▶ _TASK TO COMPLETE_
Beginning with the line in which "在逃公主闪亮芭比 蝴蝶结锆石发夹女精致侧边夹高级感刘海夹子ins" appears, transcribe each line word for word until the records end. Do not include pictures.

▶ _AVAILABLE DATA_
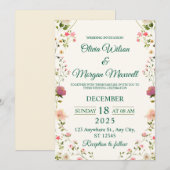 Watercolor Flower Event Card with Custom Text 招待状 (正面/裏面)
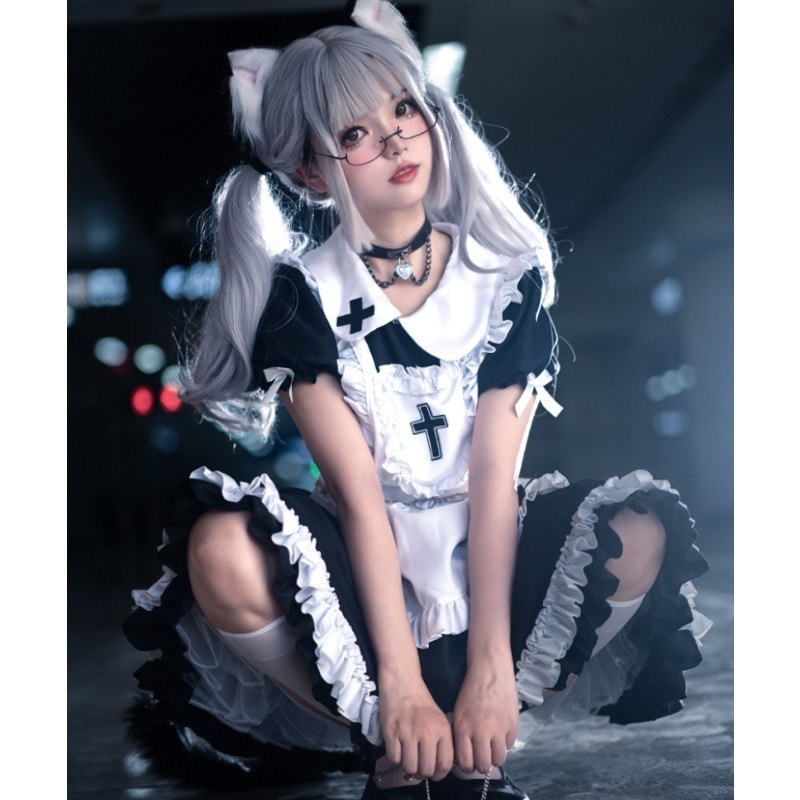 2026新入荷！【早割り】ハロウィーン十字架メイド服古典白黒lolitacosごキャラ看護師メイド変装セット大サイズ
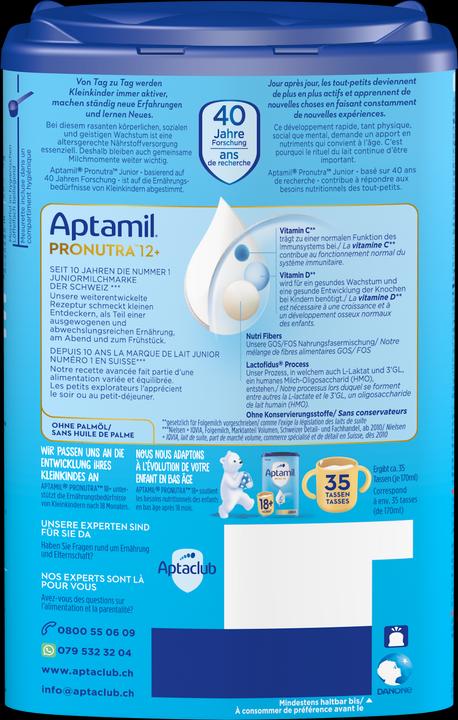 Valori nutrizionali e ingredienti Aptamil Pronutra Junior 12+ (800 g, a partire da 12 m.)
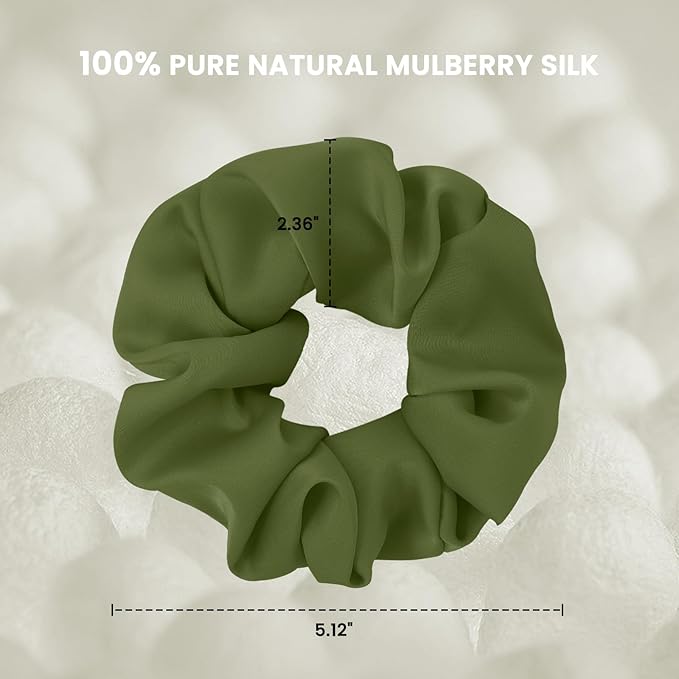 6PCS 100% Mulberry Silk Scrunchies Set, 2 Large and 4 Thin Silk Hair Ties for Women, No Damage Hair Accessories (Black, Olive Green, L)
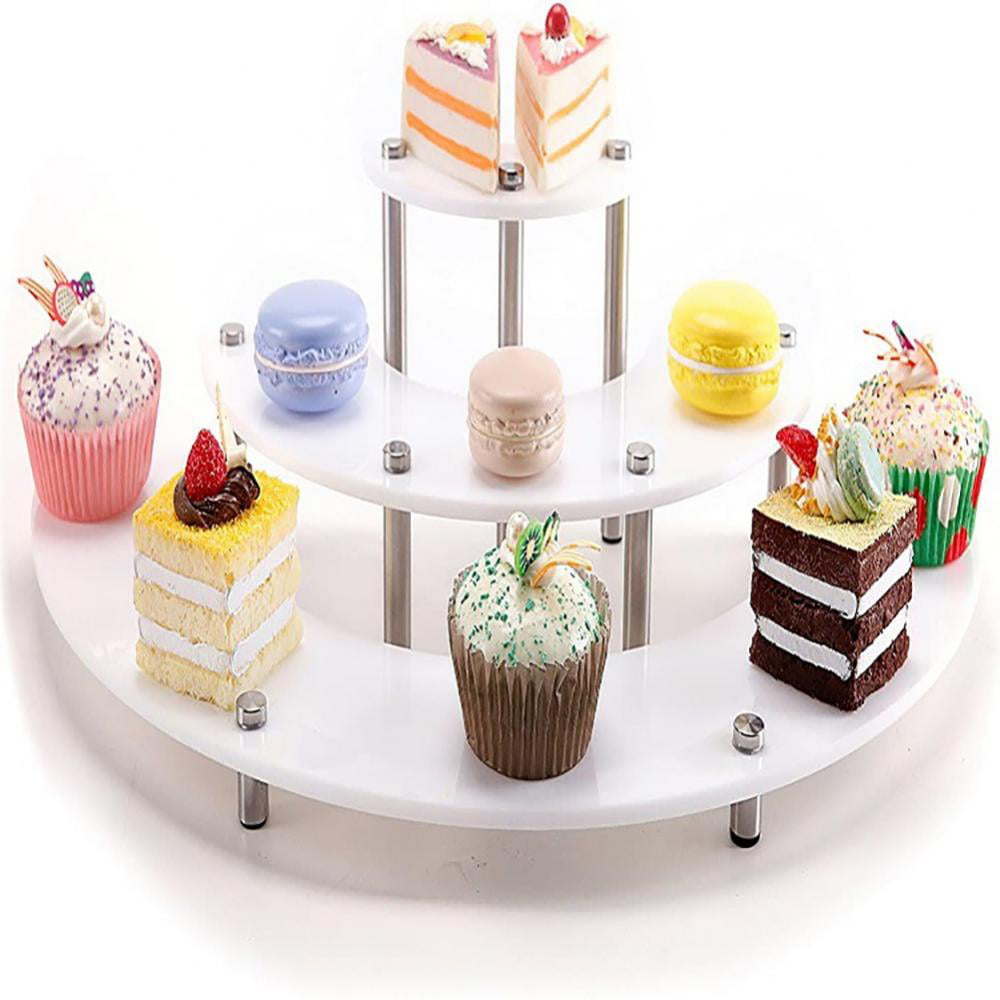 3/4 Layers Acrylic Cake Stand Grain Clear Wedding Party Cupcake Tower Display 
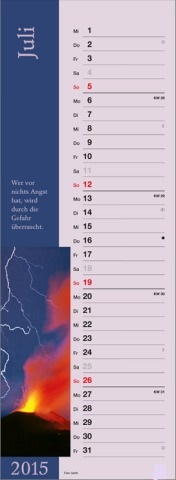 Streifenkalender &raquo;Augenblicke&laquo;, 155x485 mm, Juli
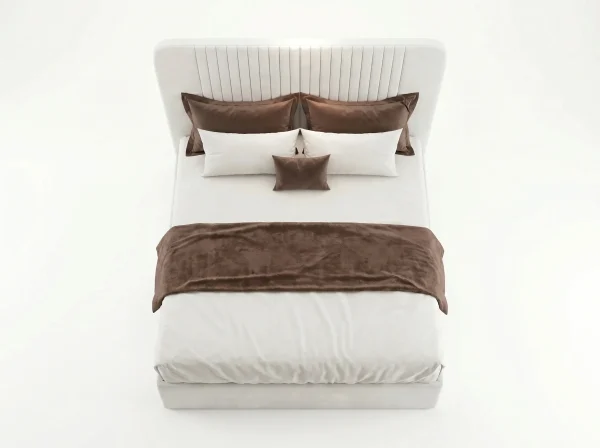 Vienna Curved Cream Velvet Fluted Bed Frame (Freestanding Design)
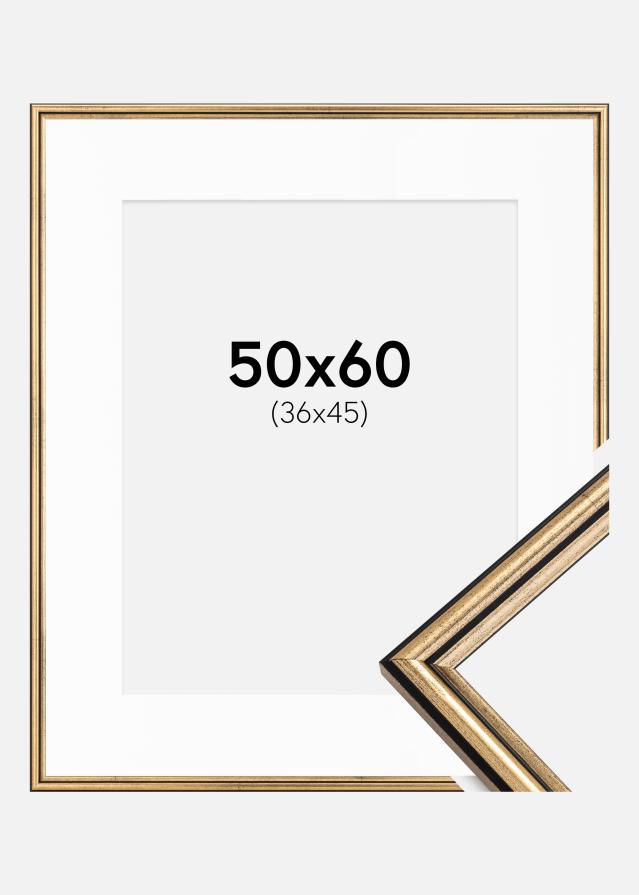 Ramme Horndal Guld 50x60 cm - Passepartout Hvid 37x46 cm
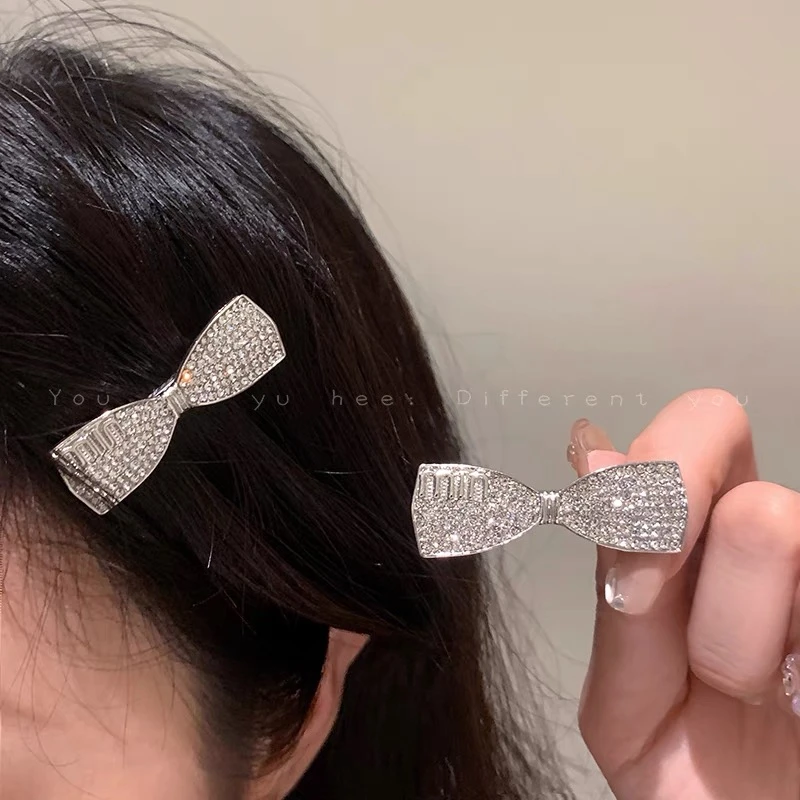 在逃公主闪亮芭比 蝴蝶结锆石发夹女精致侧边夹高级感刘海夹子ins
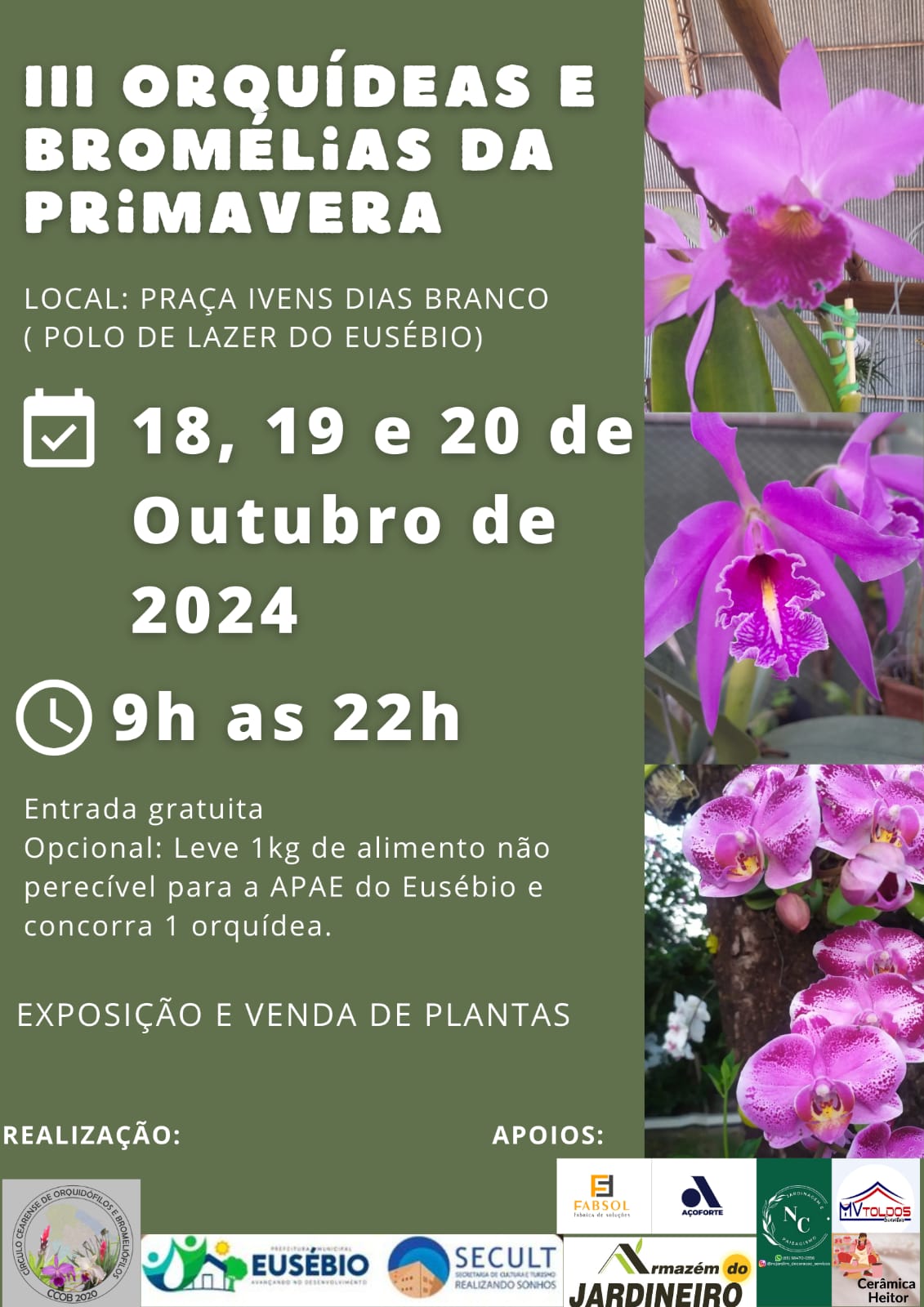 Eusébio recebe III edição da exposição “Orquídeas e Bromélias da Primavera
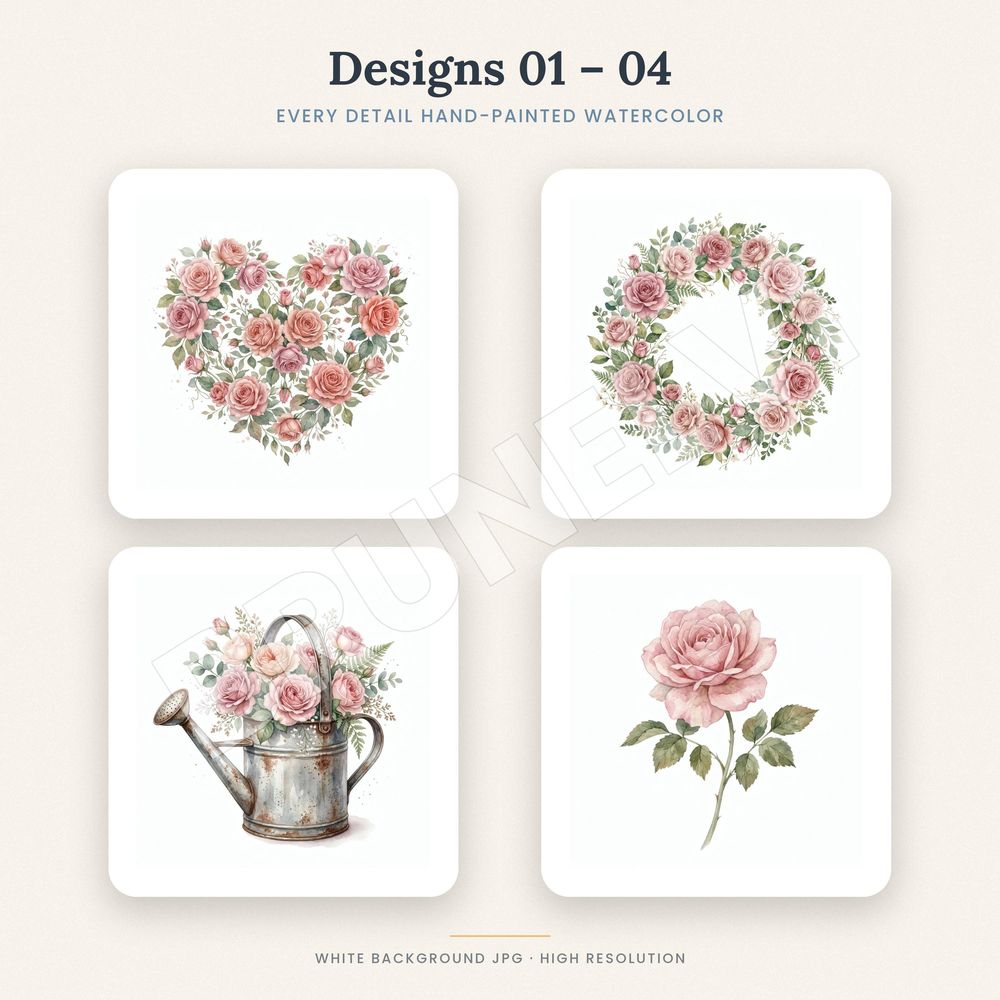 Pink Rose Clipart Bundle — jpg bundles (white bg) clipart by Brunelvi — view 3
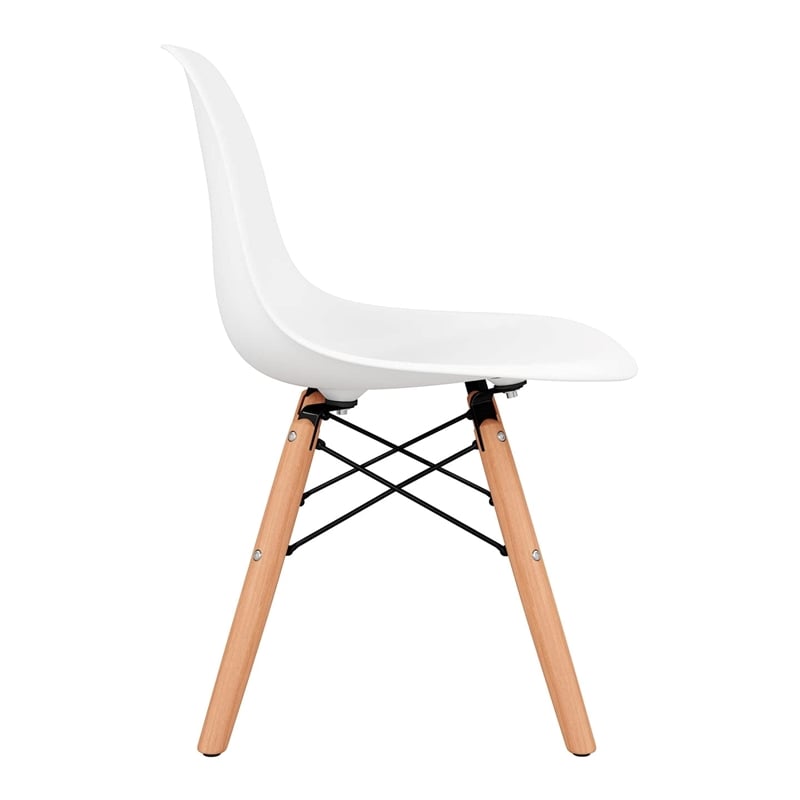 Maklaine 21.75 inches Plastic and Wood Kids Playroom Chairs in White (Set of 4)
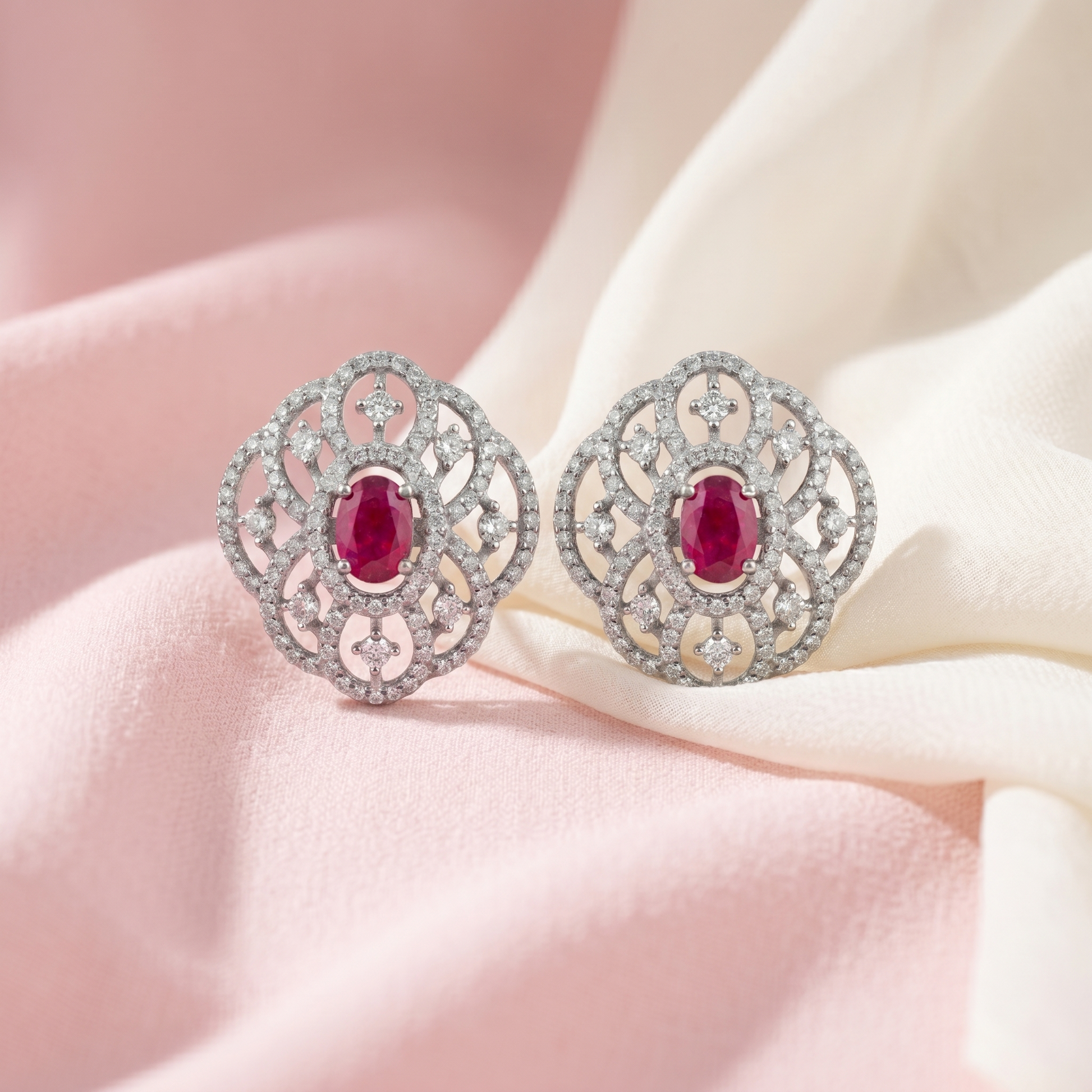 Pink Oval Filigree-Halo Stud Earrings, close-up detail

▶ _WRITTEN REPLY_
 在逃公主闪亮芭比 蝴蝶结锆石发夹女精致侧边夹高级感刘海夹子ins
 Eusébio recebe III edição da exposição “Orquídeas e Bromélias da Primavera
 Pink Rose Clipart Bundle — jpg bundles (white bg) clipart by Brunelvi — view 3
 Maklaine 21.75 inches Plastic and Wood Kids Playroom Chairs in White (Set of 4)
 Pink Oval Filigree-Halo Stud Earrings, close-up detail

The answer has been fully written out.